───── Materials provided ─────
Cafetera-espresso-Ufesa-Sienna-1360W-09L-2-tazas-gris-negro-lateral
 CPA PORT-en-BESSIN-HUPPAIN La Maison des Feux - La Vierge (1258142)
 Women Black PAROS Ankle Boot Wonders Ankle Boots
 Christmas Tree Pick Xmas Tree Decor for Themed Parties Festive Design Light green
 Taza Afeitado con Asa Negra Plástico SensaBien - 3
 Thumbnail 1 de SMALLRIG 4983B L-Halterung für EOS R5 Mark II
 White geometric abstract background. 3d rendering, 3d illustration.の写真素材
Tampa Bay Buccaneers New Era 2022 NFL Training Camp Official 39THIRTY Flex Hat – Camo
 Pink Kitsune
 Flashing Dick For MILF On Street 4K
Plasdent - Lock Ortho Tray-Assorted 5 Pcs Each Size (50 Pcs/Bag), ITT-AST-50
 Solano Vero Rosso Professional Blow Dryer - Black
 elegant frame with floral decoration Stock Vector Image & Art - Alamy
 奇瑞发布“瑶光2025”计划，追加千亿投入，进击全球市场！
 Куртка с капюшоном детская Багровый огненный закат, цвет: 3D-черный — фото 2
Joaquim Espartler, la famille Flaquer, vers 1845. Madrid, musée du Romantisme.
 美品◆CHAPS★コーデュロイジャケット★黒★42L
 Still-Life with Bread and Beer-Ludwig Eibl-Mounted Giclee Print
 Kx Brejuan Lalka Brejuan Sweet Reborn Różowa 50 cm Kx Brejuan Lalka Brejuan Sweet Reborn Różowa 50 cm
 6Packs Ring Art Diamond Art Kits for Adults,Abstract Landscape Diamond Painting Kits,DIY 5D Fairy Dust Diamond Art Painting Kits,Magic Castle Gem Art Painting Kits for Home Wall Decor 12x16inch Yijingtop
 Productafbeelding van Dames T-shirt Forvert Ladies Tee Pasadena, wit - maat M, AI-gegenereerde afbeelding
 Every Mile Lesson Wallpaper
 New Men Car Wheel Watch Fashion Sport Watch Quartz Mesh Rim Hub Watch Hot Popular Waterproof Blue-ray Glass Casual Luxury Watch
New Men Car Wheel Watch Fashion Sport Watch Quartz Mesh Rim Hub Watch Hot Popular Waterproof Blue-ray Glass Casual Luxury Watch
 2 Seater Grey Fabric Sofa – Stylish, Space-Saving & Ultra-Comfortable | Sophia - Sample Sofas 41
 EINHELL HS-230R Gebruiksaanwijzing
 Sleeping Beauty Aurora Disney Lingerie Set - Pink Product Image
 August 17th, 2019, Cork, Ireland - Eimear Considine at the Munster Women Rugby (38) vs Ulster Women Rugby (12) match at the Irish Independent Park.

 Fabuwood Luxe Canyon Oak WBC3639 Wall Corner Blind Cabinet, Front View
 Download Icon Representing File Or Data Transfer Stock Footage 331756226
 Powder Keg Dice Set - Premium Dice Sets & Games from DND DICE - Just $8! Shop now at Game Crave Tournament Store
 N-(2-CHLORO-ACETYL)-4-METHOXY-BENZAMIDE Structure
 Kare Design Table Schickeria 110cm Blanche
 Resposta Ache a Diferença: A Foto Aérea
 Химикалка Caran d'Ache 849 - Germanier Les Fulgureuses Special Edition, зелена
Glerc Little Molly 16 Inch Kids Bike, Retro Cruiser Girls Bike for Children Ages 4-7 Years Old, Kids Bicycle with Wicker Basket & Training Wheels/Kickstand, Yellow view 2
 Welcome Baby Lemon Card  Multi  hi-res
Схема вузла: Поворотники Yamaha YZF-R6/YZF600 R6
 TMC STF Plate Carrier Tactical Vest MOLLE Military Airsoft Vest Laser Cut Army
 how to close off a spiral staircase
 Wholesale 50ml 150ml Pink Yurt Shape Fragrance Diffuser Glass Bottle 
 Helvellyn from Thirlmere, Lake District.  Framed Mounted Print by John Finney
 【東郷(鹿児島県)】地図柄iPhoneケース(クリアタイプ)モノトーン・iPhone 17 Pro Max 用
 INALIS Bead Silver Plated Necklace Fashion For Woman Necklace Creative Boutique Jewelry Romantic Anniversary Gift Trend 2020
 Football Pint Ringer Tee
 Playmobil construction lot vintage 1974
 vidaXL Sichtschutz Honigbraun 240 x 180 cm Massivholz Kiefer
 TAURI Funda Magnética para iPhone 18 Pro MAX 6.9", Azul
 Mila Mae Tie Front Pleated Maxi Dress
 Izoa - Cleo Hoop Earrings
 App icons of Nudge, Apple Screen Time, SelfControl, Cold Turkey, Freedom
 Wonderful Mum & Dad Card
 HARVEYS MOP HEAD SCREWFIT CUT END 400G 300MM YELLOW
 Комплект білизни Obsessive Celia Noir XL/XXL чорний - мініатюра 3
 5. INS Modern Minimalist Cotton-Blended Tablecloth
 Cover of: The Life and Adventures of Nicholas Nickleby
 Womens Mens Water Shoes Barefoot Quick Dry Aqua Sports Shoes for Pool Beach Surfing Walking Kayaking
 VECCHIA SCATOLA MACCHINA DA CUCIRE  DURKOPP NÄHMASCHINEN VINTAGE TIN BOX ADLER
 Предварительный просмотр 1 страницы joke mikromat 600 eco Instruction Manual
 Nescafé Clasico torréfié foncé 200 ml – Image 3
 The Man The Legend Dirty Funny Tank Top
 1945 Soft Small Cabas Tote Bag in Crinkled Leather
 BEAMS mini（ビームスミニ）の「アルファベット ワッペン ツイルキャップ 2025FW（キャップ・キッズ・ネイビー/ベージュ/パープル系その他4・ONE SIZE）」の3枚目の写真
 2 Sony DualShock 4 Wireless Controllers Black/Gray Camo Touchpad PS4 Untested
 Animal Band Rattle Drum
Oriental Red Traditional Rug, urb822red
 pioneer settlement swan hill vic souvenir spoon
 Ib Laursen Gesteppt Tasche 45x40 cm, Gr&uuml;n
─────
What you will do :: Nothing should be altered. Set down all the data again.

Output of the task ::
Cafetera-espresso-Ufesa-Sienna-1360W-09L-2-tazas-gris-negro-lateral
 CPA PORT-en-BESSIN-HUPPAIN La Maison des Feux - La Vierge (1258142)
 Women Black PAROS Ankle Boot Wonders Ankle Boots
 Christmas Tree Pick Xmas Tree Decor for Themed Parties Festive Design Light green
 Taza Afeitado con Asa Negra Plástico SensaBien - 3
 Thumbnail 1 de SMALLRIG 4983B L-Halterung für EOS R5 Mark II
 White geometric abstract background. 3d rendering, 3d illustration.の写真素材
Tampa Bay Buccaneers New Era 2022 NFL Training Camp Official 39THIRTY Flex Hat – Camo
 Pink Kitsune
 Flashing Dick For MILF On Street 4K
Plasdent - Lock Ortho Tray-Assorted 5 Pcs Each Size (50 Pcs/Bag), ITT-AST-50
 Solano Vero Rosso Professional Blow Dryer - Black
 elegant frame with floral decoration Stock Vector Image & Art - Alamy
 奇瑞发布“瑶光2025”计划，追加千亿投入，进击全球市场！
 Куртка с капюшоном детская Багровый огненный закат, цвет: 3D-черный — фото 2
Joaquim Espartler, la famille Flaquer, vers 1845. Madrid, musée du Romantisme.
 美品◆CHAPS★コーデュロイジャケット★黒★42L
 Still-Life with Bread and Beer-Ludwig Eibl-Mounted Giclee Print
 Kx Brejuan Lalka Brejuan Sweet Reborn Różowa 50 cm Kx Brejuan Lalka Brejuan Sweet Reborn Różowa 50 cm
 6Packs Ring Art Diamond Art Kits for Adults,Abstract Landscape Diamond Painting Kits,DIY 5D Fairy Dust Diamond Art Painting Kits,Magic Castle Gem Art Painting Kits for Home Wall Decor 12x16inch Yijingtop
 Productafbeelding van Dames T-shirt Forvert Ladies Tee Pasadena, wit - maat M, AI-gegenereerde afbeelding
 Every Mile Lesson Wallpaper
 New Men Car Wheel Watch Fashion Sport Watch Quartz Mesh Rim Hub Watch Hot Popular Waterproof Blue-ray Glass Casual Luxury Watch
New Men Car Wheel Watch Fashion Sport Watch Quartz Mesh Rim Hub Watch Hot Popular Waterproof Blue-ray Glass Casual Luxury Watch
 2 Seater Grey Fabric Sofa – Stylish, Space-Saving & Ultra-Comfortable | Sophia - Sample Sofas 41
 EINHELL HS-230R Gebruiksaanwijzing
 Sleeping Beauty Aurora Disney Lingerie Set - Pink Product Image
 August 17th, 2019, Cork, Ireland - Eimear Considine at the Munster Women Rugby (38) vs Ulster Women Rugby (12) match at the Irish Independent Park.

 Fabuwood Luxe Canyon Oak WBC3639 Wall Corner Blind Cabinet, Front View
 Download Icon Representing File Or Data Transfer Stock Footage 331756226
 Powder Keg Dice Set - Premium Dice Sets & Games from DND DICE - Just $8! Shop now at Game Crave Tournament Store
 N-(2-CHLORO-ACETYL)-4-METHOXY-BENZAMIDE Structure
 Kare Design Table Schickeria 110cm Blanche
 Resposta Ache a Diferença: A Foto Aérea
 Химикалка Caran d'Ache 849 - Germanier Les Fulgureuses Special Edition, зелена
Glerc Little Molly 16 Inch Kids Bike, Retro Cruiser Girls Bike for Children Ages 4-7 Years Old, Kids Bicycle with Wicker Basket & Training Wheels/Kickstand, Yellow view 2
 Welcome Baby Lemon Card  Multi  hi-res
Схема вузла: Поворотники Yamaha YZF-R6/YZF600 R6
 TMC STF Plate Carrier Tactical Vest MOLLE Military Airsoft Vest Laser Cut Army
 how to close off a spiral staircase
 Wholesale 50ml 150ml Pink Yurt Shape Fragrance Diffuser Glass Bottle 
 Helvellyn from Thirlmere, Lake District.  Framed Mounted Print by John Finney
 【東郷(鹿児島県)】地図柄iPhoneケース(クリアタイプ)モノトーン・iPhone 17 Pro Max 用
 INALIS Bead Silver Plated Necklace Fashion For Woman Necklace Creative Boutique Jewelry Romantic Anniversary Gift Trend 2020
 Football Pint Ringer Tee
 Playmobil construction lot vintage 1974
 vidaXL Sichtschutz Honigbraun 240 x 180 cm Massivholz Kiefer
 TAURI Funda Magnética para iPhone 18 Pro MAX 6.9", Azul
 Mila Mae Tie Front Pleated Maxi Dress
 Izoa - Cleo Hoop Earrings
 App icons of Nudge, Apple Screen Time, SelfControl, Cold Turkey, Freedom
 Wonderful Mum & Dad Card
 HARVEYS MOP HEAD SCREWFIT CUT END 400G 300MM YELLOW
 Комплект білизни Obsessive Celia Noir XL/XXL чорний - мініатюра 3
 5. INS Modern Minimalist Cotton-Blended Tablecloth
 Cover of: The Life and Adventures of Nicholas Nickleby
 Womens Mens Water Shoes Barefoot Quick Dry Aqua Sports Shoes for Pool Beach Surfing Walking Kayaking
 VECCHIA SCATOLA MACCHINA DA CUCIRE  DURKOPP NÄHMASCHINEN VINTAGE TIN BOX ADLER
 Предварительный просмотр 1 страницы joke mikromat 600 eco Instruction Manual
 Nescafé Clasico torréfié foncé 200 ml – Image 3
 The Man The Legend Dirty Funny Tank Top
 1945 Soft Small Cabas Tote Bag in Crinkled Leather
 BEAMS mini（ビームスミニ）の「アルファベット ワッペン ツイルキャップ 2025FW（キャップ・キッズ・ネイビー/ベージュ/パープル系その他4・ONE SIZE）」の3枚目の写真
 2 Sony DualShock 4 Wireless Controllers Black/Gray Camo Touchpad PS4 Untested
 Animal Band Rattle Drum
Oriental Red Traditional Rug, urb822red
 pioneer settlement swan hill vic souvenir spoon
 Ib Laursen Gesteppt Tasche 45x40 cm, Gr&uuml;n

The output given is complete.